◆ GIVEN INFORMATION:
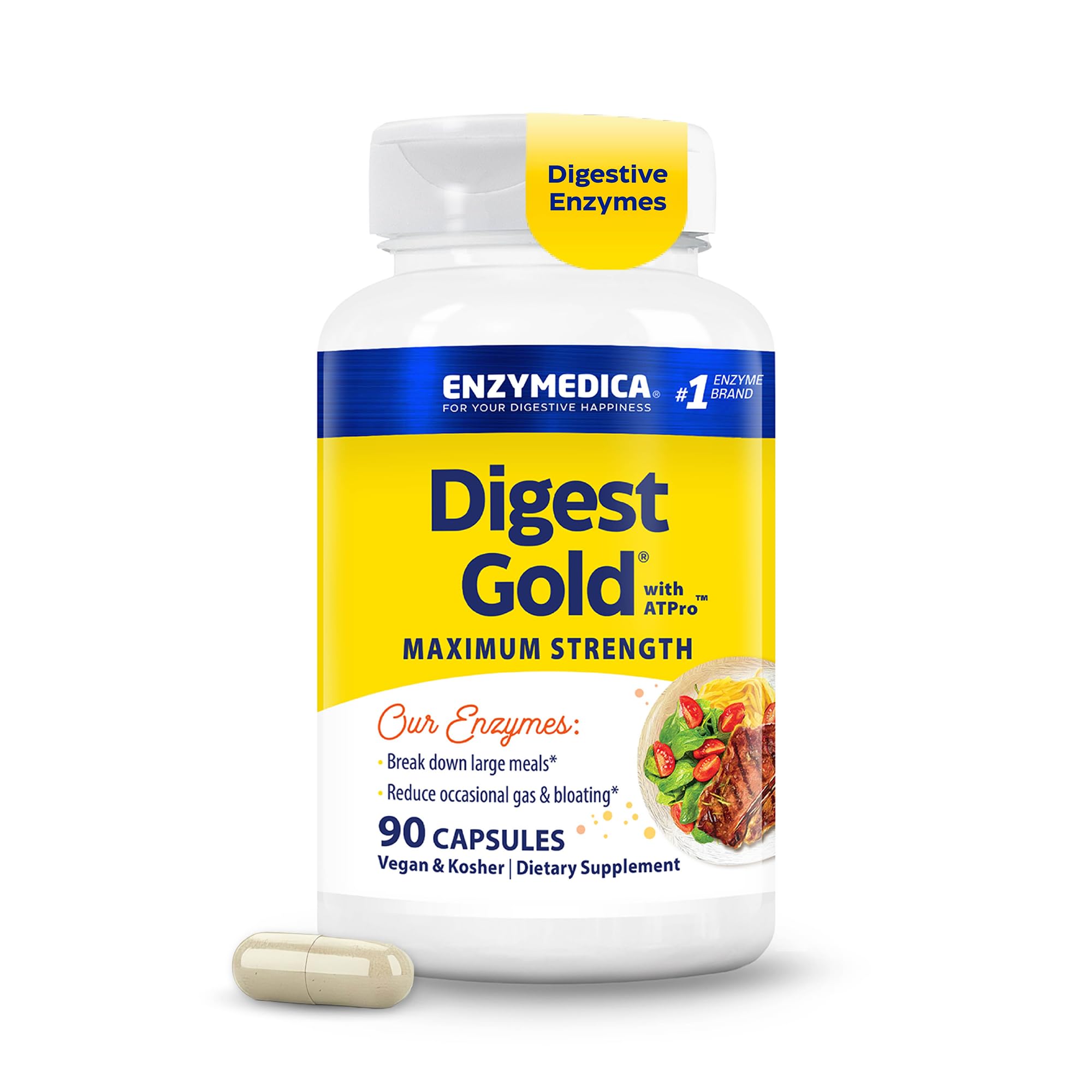 Digest Gold + ATPro, Maximum Strength Enzyme Formula, Fast-Acting, Helps Digest Large Meals, Prevents Bloating and Gas, 90 Capsules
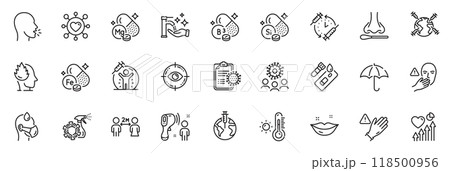 Icons pack as Coronavirus, Sick man and Dont touch line icons for app include Use gloves, Iron, Washing hands outline thin icon web set. Magnesium mineral, Electronic thermometer. Vector 118500956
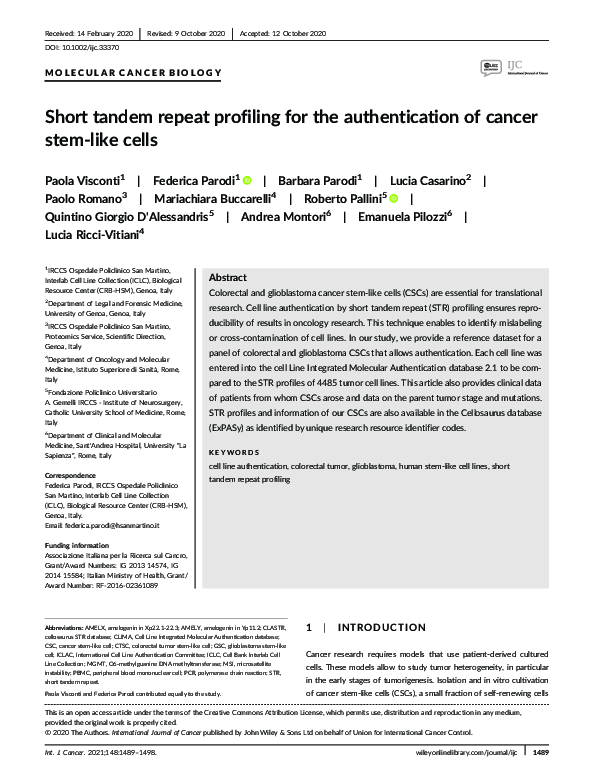 (PDF) STR profiling for the authentication.of cancer stem‐like cells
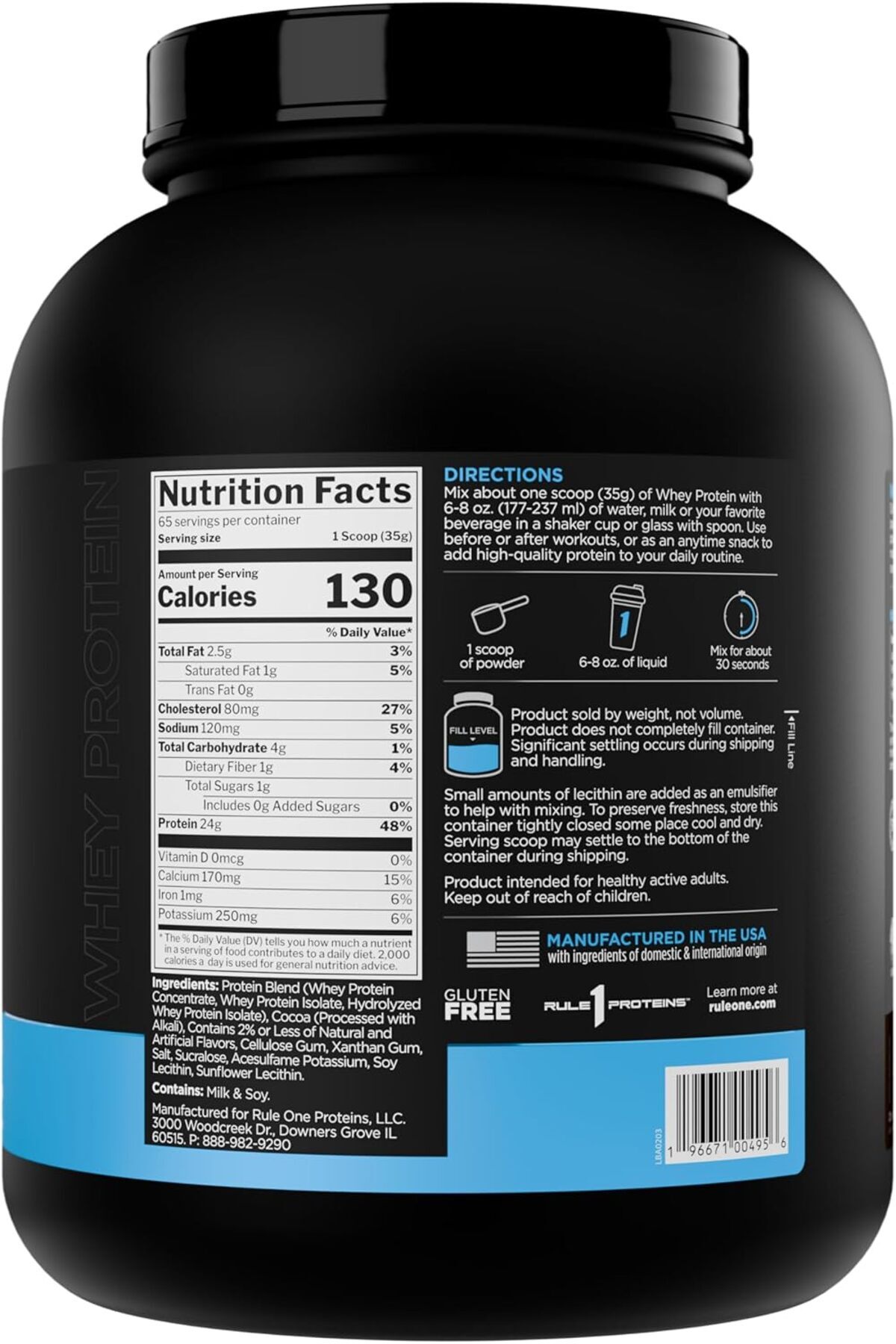 Rule 1-Whey Protein Chocolate Blend by Rule 1, 2280 grams 3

◆ PROBLEM STATEMENT: Leave the pictures out and retype only the lines from the line with "Icons pack as" through the final line of the material, both ends included, word for word.

◆ RESULT FOR THIS TASK:
 Icons pack as Coronavirus, Sick man and Dont touch line icons for app include Use gloves, Iron, Washing hands outline thin icon web set. Magnesium mineral, Electronic thermometer. Vector 118500956
 (PDF) STR profiling for the authentication.of cancer stem‐like cells
 Rule 1-Whey Protein Chocolate Blend by Rule 1, 2280 grams 3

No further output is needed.